- WHAT THIS TASK INVOLVES -
Could you retype all of the data below exactly as given?

SUPPLIED DATA: Begin

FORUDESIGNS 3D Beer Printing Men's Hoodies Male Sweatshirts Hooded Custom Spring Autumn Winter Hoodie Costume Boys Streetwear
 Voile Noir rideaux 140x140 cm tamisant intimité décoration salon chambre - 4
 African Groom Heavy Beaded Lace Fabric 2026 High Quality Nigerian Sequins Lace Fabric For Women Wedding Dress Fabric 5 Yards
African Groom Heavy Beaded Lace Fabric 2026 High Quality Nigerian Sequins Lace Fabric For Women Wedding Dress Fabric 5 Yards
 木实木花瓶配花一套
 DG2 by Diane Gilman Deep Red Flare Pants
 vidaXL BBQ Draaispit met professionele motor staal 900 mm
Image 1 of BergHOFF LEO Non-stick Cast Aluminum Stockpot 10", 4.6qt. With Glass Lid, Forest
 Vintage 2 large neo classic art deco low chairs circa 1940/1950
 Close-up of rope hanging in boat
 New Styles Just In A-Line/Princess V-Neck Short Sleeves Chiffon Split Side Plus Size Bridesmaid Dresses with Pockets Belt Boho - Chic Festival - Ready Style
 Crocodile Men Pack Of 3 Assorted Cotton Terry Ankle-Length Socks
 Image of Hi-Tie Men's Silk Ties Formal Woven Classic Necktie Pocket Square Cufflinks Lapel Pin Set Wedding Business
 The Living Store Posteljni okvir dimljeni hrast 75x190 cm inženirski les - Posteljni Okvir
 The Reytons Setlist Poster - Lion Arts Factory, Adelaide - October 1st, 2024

SUPPLIED DATA: End

- OUTPUT -
FORUDESIGNS 3D Beer Printing Men's Hoodies Male Sweatshirts Hooded Custom Spring Autumn Winter Hoodie Costume Boys Streetwear
 Voile Noir rideaux 140x140 cm tamisant intimité décoration salon chambre - 4
 African Groom Heavy Beaded Lace Fabric 2026 High Quality Nigerian Sequins Lace Fabric For Women Wedding Dress Fabric 5 Yards
African Groom Heavy Beaded Lace Fabric 2026 High Quality Nigerian Sequins Lace Fabric For Women Wedding Dress Fabric 5 Yards
 木实木花瓶配花一套
 DG2 by Diane Gilman Deep Red Flare Pants
 vidaXL BBQ Draaispit met professionele motor staal 900 mm
Image 1 of BergHOFF LEO Non-stick Cast Aluminum Stockpot 10", 4.6qt. With Glass Lid, Forest
 Vintage 2 large neo classic art deco low chairs circa 1940/1950
 Close-up of rope hanging in boat
 New Styles Just In A-Line/Princess V-Neck Short Sleeves Chiffon Split Side Plus Size Bridesmaid Dresses with Pockets Belt Boho - Chic Festival - Ready Style
 Crocodile Men Pack Of 3 Assorted Cotton Terry Ankle-Length Socks
 Image of Hi-Tie Men's Silk Ties Formal Woven Classic Necktie Pocket Square Cufflinks Lapel Pin Set Wedding Business
 The Living Store Posteljni okvir dimljeni hrast 75x190 cm inženirski les - Posteljni Okvir
 The Reytons Setlist Poster - Lion Arts Factory, Adelaide - October 1st, 2024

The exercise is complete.